Kotaku writer Zack Zwiezen enjoyed the name and concept behind Sudowoodo, stating that he was confused to discover that it was a Rock-type Pokémon. He eventually discovered why it was named Sudowoodo, finding the etymology clever. Dot Esports writers Karli Iwamasa and Yash Nair regarded Sudowoodo as an iconic Pokémon, stating it was the "most iconic annoying Pokémon" due to serving as an obstacle for the player. They commented that trainers frequently felt confused that it was not weak to the same types of attacks as Grass-type Pokémon. In another article, Nair felt that Sudowoodo was the joke Pokémon of the second generation of Pokémon, stating that it was not intended to be a useful Pokémon and that they were fine with it just being a "rock disguised as a tree with a silly little face." They believed that, in its appearance in Pokémon HeartGold and SoulSilver, players will likely not be confused, arguing that they were used to seeing "rock types as things that weren’t rocks". Nair believed Sudowoodo represented the moment Game Freak made clear that Rock-type Pokémon didn't have to "look like a rock." The species appearance in Pokémon Sword and Shield was praised by Den of Geek writer Rob Leane who recommended it for players' teams due to its ability and moveset. Leane noted that Sudowoodos in the game were useful due to being able to withstand the attacks of Dynamax Pokémon because of its ability "Sturdy", which allows it to survive a strong attack but leaves the player's Pokémon with a single health point remaining. He further explained that by using the move Counter on the same turn can allow the Sudowoodo to deal high amounts of damage back at its opponent, with Leane describing the strategy as a lifesaver and able to create "some great 'David and Goliath' moments". Inside Games writer Cider identified Sudowoodo as the original misunderstood Pokémon, stating that while Sudowoodo has become a famous Pokémon, they believed many mistook it for a Grass-type Pokémon. Authors Weneson Victor Diniz Sarges and Lucas C. Marinho and discussed how Sudowoodo's concept of a Rock-type tree derives from real-world petrified trees, noting how these trees have, over time, become fossilized through the replacement of organic materials replaced with minerals; they added that its pre-evolution, Bonsly, was likely mimicing a bonsai tree.

In Pokémon TCG Pocket, Sudowoodo's card became an important one in competitive play, due in large part to the strength and popularity of the Arceus EX card that Sudowoodo was effective against due to a combination of Sudowoodo's enhanced damage against EX Pokémon, Arceus' weakness to Fighting-type Pokémon, and the speed by which the player can deploy and prep Sudowoodo to attack. GamesRadar+ writer Catherine Lewis expressing her appreciation for Sudowoodo's use and popularity. Following its popularity in the meta, fans created memes surrounding it.

Music producer Simon Ebener-Holscher named his band after the German name for Sudowoodo, Moglebaum, commenting on how it is both "tricky and cunning" despite not being a powerful Pokémon and stating that he chose the name due to his interest in fantasy worlds. Vice writer Rachael D'Amore discussed how the sounds of Moglebaum's music fit well with the concept behind Sudowoodo, citing his use of field samples. The Italian band Pinguini Tattici Nucleari featured a song named "Sudowoodo" after the Pokémon in the album Diamo un calcio all'aldilà.
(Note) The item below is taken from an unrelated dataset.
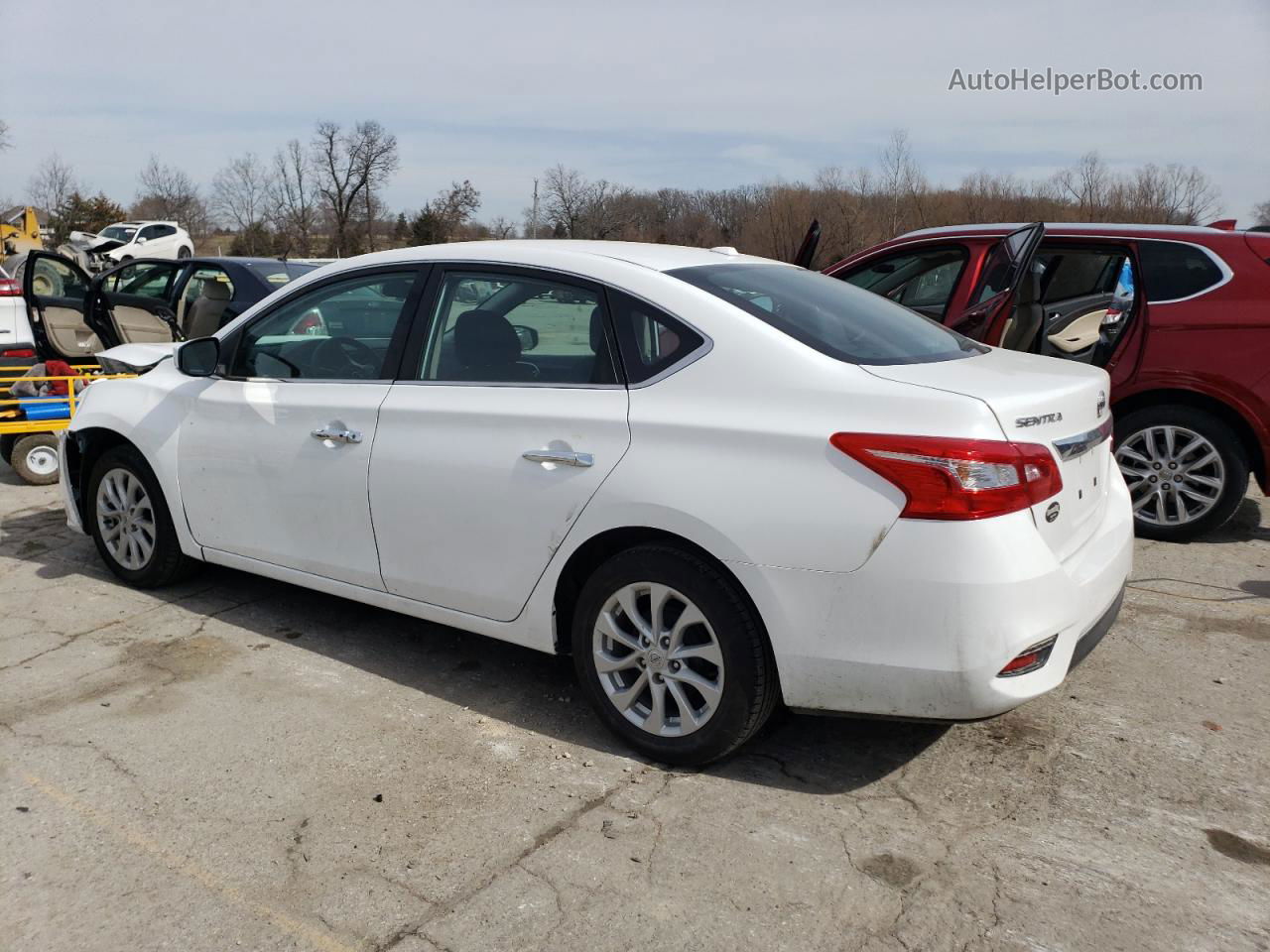 2018 Nissan Sentra S Белый vin: 3N1AB7APXJY272455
Both the song title and lyrics were based on the "ambiguous" nature of the Pokémon, the band stating that it touches on themes of adolescence and the "cult of appearances." They also stated that they were "proud" of making the first song named after Sudowoodo. According to author Antonello Lopizzo, the song suggests Sudowoodo is victim to the "insensitivity" of Pokémon fans, misunderstood and miscategorized.